Send back the data below exactly. Drop every picture.

Information provided:
.....

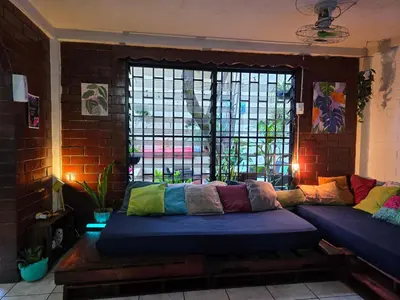 a couch with colorful pillows sitting in front of a window at Pool House Hostel in Santa Ana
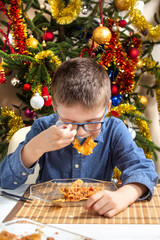 Chłopiec w okularach siedzi przy stole i ze smakiem zjada obiad. Bożonarodzeniowa choinka w tle. - obrazy, fototapety, plakaty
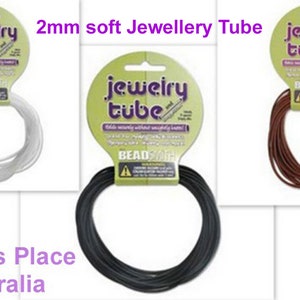 Op de afbeelding: Drie spoelen met 2 mm zachte sieradenbuis, een witte, een zwarte en een bruine. De spoelen zijn gelabeld met "jewelry tube" en "Beadsmith".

.....

Output below:
 a couch with colorful pillows sitting in front of a window at Pool House Hostel in Santa Ana
 Chłopiec w okularach siedzi przy stole i ze smakiem zjada obiad. Bożonarodzeniowa choinka w tle. - obrazy, fototapety, plakaty
 Op de afbeelding: Drie spoelen met 2 mm zachte sieradenbuis, een witte, een zwarte en een bruine. De spoelen zijn gelabeld met "jewelry tube" en "Beadsmith".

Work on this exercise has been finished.